Work item » In the listing that follows, the lines starting at the one containing "Crêpe ripiene ai frutti di mare cremosi" and ending at the one containing "Fototapeta premium Elegant" are to be returned exactly, both boundary lines included, and no others.

Entries provided »

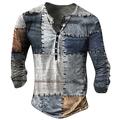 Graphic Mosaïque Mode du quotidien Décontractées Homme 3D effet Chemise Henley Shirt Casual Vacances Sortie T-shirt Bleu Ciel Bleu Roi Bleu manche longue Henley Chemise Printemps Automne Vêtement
* * *
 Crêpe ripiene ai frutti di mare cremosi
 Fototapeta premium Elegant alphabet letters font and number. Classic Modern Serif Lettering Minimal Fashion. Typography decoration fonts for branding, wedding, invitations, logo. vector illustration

Written response »
 Crêpe ripiene ai frutti di mare cremosi
 Fototapeta premium Elegant alphabet letters font and number. Classic Modern Serif Lettering Minimal Fashion. Typography decoration fonts for branding, wedding, invitations, logo. vector illustration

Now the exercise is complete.